You have the following inclusions:
$$\{ \textrm{inner product vector spaces} \} \subsetneq \{ \textrm{normed vector spaces} \} \subsetneq \{ \textrm{metric spaces} \} \subsetneq \{ \textrm{topological spaces} \}.$$
Going from the left to the right in the above chain of inclusions, each "category of spaces" carries less structure. In inner product spaces, you can use the inner product to talk about both the length and the angle of vectors (because the inner product induces a norm). In a normed vector space, you can only talk about the length of vectors and use it to define a special metric on your space which will measure the distance between two vectors. In a metric space, the elements of the space don't even have to be vectors (and even if they are, the metric itself doesn't have to come from a norm) but you can still talk about the distance between two points in the space, open balls, etc. In a topological space, you can't talk about the distance between two points but you can talk about open neighborhoods.
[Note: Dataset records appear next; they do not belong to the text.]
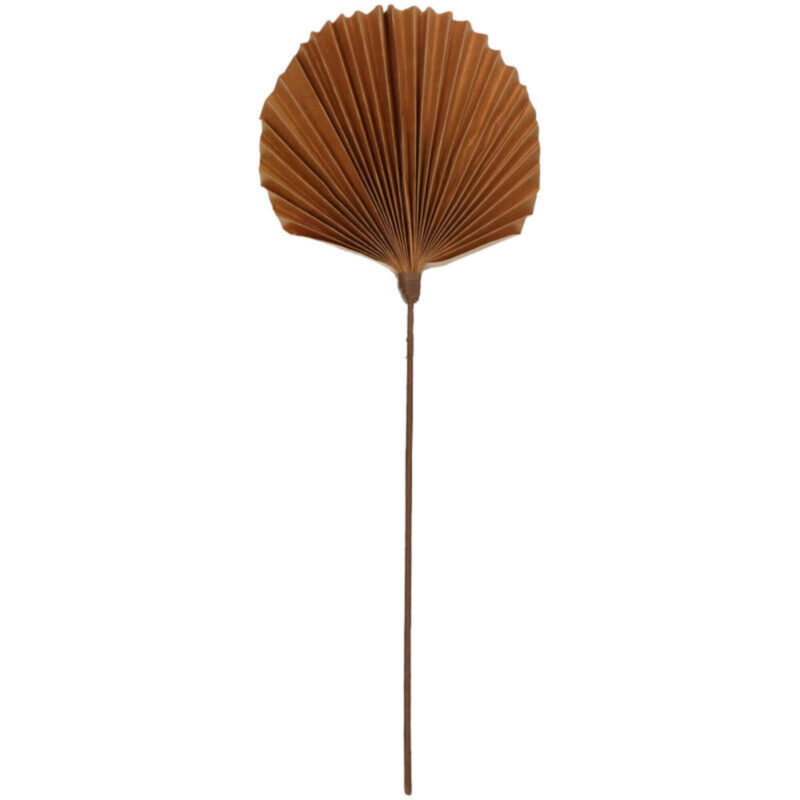 Branche Palm - Terra - H 55 x L 22 cm – Image 4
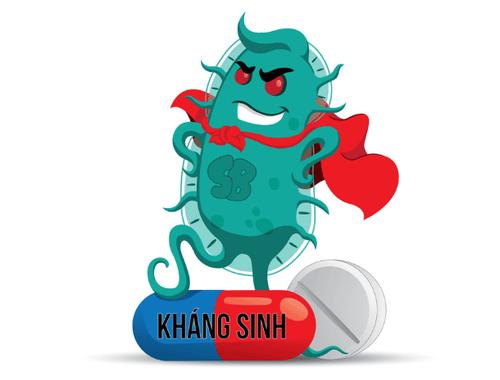 Cơ chế tác dụng của kháng sinh và phối hợp kháng sinh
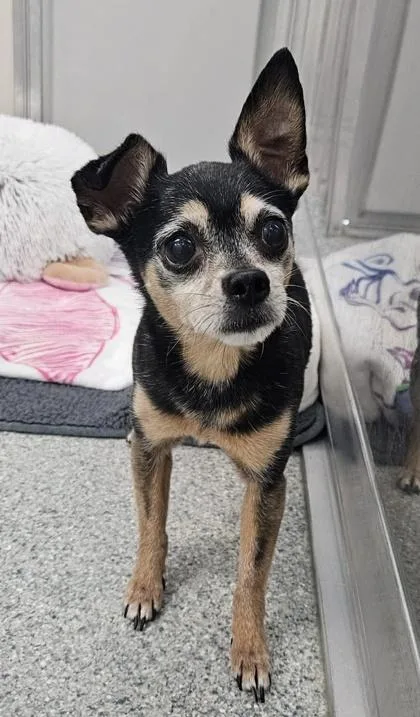 A senior small-sized male Black Chihuahua dog named Muggsey for adoption in Annapolis, MD
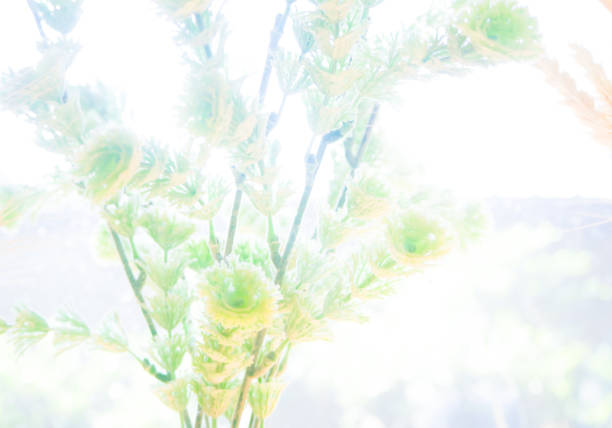 Close up flower grass and sunrise background,blure and over exposure background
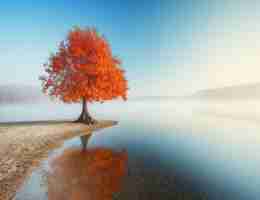 c语‌言‌基​础﻿视​频‍教‌程‌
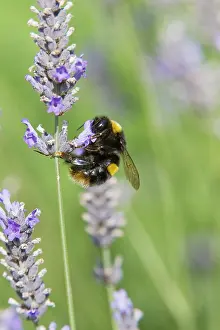 Pollenation: Buff-tailed Bumblebee - feeding on Lavender flowers
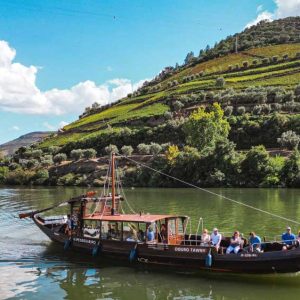 VIP Experience: Private Douro Tour - Personalized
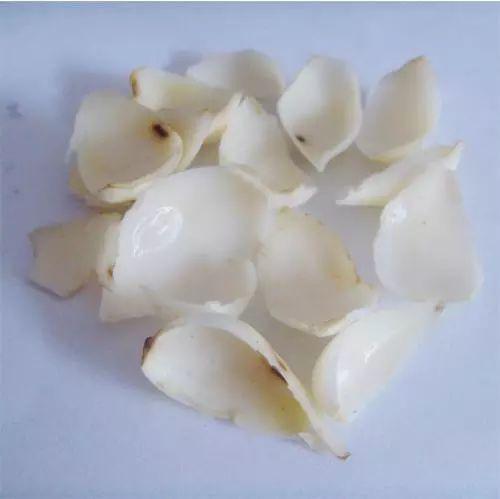 秋季小儿扁桃体炎高发 秋季小儿扁桃体炎高发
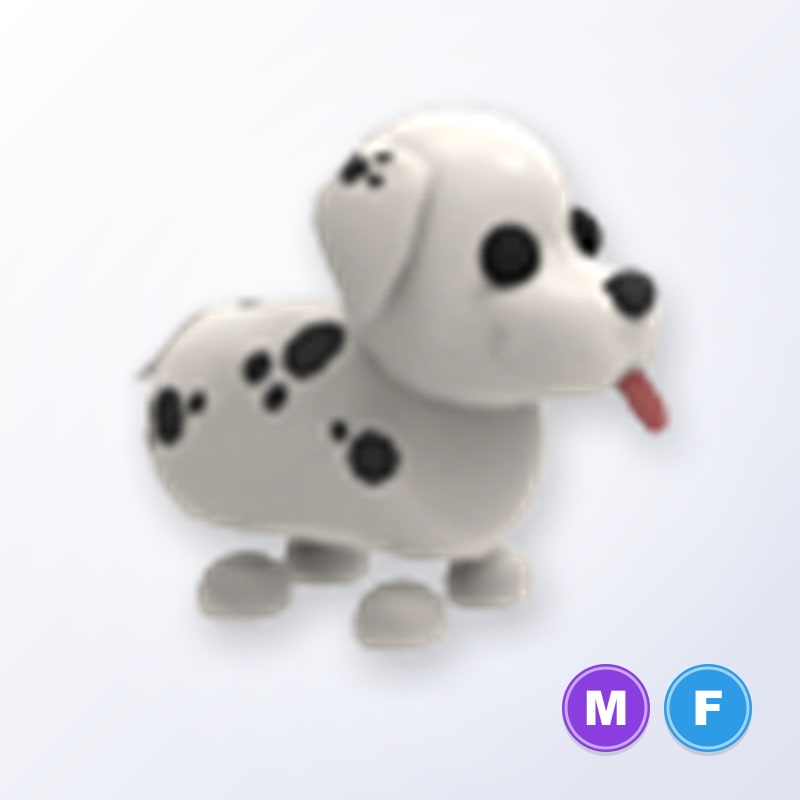 Dalmatian MF | Adopt Me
Because of this inclusion, everything that works for general topological spaces will work in particular for all other spaces, but there are some things you can do in (say) normed vector spaces which don't make sense in a general topological space. For example, if you have a function $f \colon V \rightarrow \mathbb{R}$ on a normed vector space, you can define the directional derivative of $f$ at $p \in V$ in the direction $v \in V$ by the limit
$$ \lim_{t \to 0} \frac{f(p + tv) - f(p)}{t}. $$
In the definition, you are using the fact that you can add the vector $tv$ to the point $p$. If you try to mimick this definition in a topological space, then since the set itself doesn't have the structure of a vector space, you can't add two elements so this definition doesn't make sense. That's why during your studies you sometimes restrict your attention to a smaller category of spaces which has more structure so you can do more things in it.
You can discuss the notions of continuity, compactness only in the category (context) of topological spaces (but for reasons of simplicity it is often done in the beginning of one's studies in the category of metric spaces). However, once you want to discuss differentiability, then (in first approximation, before moving to manifolds) you need to restrict your category and work with normed vector spaces. If you also want to discuss the angle that two curves make, you will need to further restrict your category and work with inner product vector spaces in which the notion of angle makes sense, etc.
Best Answer
Let $\|x\|_1 := |x_1| + |x_2|$ be the $\ell_1$ norm on $\mathbb{R}^2$. Then the triangle inequality attains equality for $x=(1,0)$ and $y=(0,1)$ despite $x$ and $y$ not being parallel.